The ill-omened Mk. V Crusade Armor is called “heresy armor,” not because there’s any sort of inherent heresy, or in heresy, in its design, but rather because it was the model of armor most common in use at the time of Horus’ Heresy. With its signature molecular bonding studs, the armor mods bear a bittersweet irony considering how many bonds were broken while wearing it. Let’s learn about Mk. 5 “Heresy Armor.”

Power Armor Overview

Power armor is fully sealed, isolating the wearer from the outside environment and protecting him from gas weapons and harsh atmospheres. It also commonly includes numerous auxiliary systems such as communicators and auto-senses. The backpack contains the main power plant, environmental system, and additional stabilizers.

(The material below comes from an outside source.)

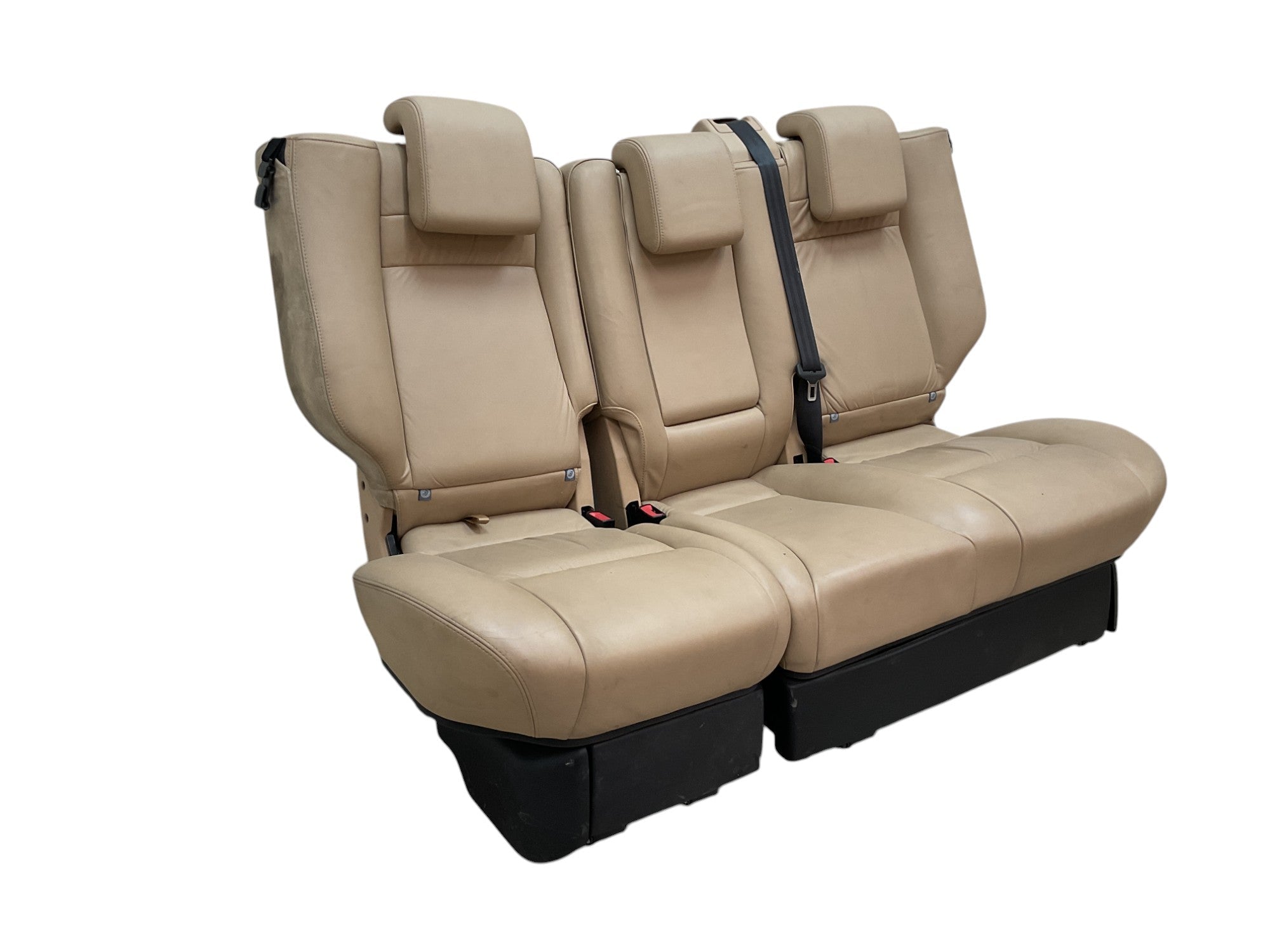 Asientos Traseros Range Rover Sport L320 -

Whilst power armor is most commonly associated with the Adeptus Astartes, the Sisters of Battle and many Inquisitors also use powered armor of one sort or another. Typically, however, these armors may not contain the same strength-enhancing properties or life-support functions of Space Marine power armor, nor do they provide the same amount of protection. All armor may further be augmented by various artifacts, relics, and enhancements such as pauldrons and greaves.

Power armor has been in use since before the Age of the Imperium, from the techno-barbarians of Earth to the original Space Marines created by the Emperor. Over the history of the Imperium, power armor has developed into many different forms. Need, circumstances, and recovery of new materials and technology have shaped the armor’s evolution.

Alpha Legion Mk.V Power Armor

Space Marine Power Armor

Space Marine Power Armor is an extraordinarily sophisticated defensive system that combines huge resistance to physical damage with a sensory array and sealed environment that protects its wearer from the ravages of the void and alien atmospheres. Integrated with the armor are networks of electro-motivated fiber bundles that mimic and augment the muscular strength of the wearer.

The true genius of the design, however, lies in its close integration with the already superhuman physiology, senses, and reflexes of the Space Marine within. Working in concert, armor and Astartes together become a weapon without equal.

Each suit of Space Marine Power Armor is a work of supreme artisanship, and although it may be one of many, each is a unique artifact whose spirit and history are of deep spiritual significance to both the Chapter to which it belongs and the Space Marine who wears it. It can take decades to complete just one of the new Mk VII power armor, so it is often easier to make a spare part for an existing suit than a completely new one.

There are numerous different Marks of Power Armor, most of which date back in terms of design and application many thousands of years ago to the time of the Great Crusade and the Horus Heresy. Each has its own lore and genesis in place and time. Even in the 41st Millennium, some intact suits from this near-mythical age survive in active service as war relics of the Space Marines.

Countless others have been produced or reacquired since, and different Chapters often have entirely different panoplies they can call upon to armor their forces. It is also far from uncommon for more recently fashioned armor to incorporate slivers or whole components from far older suits as revered connections to the past.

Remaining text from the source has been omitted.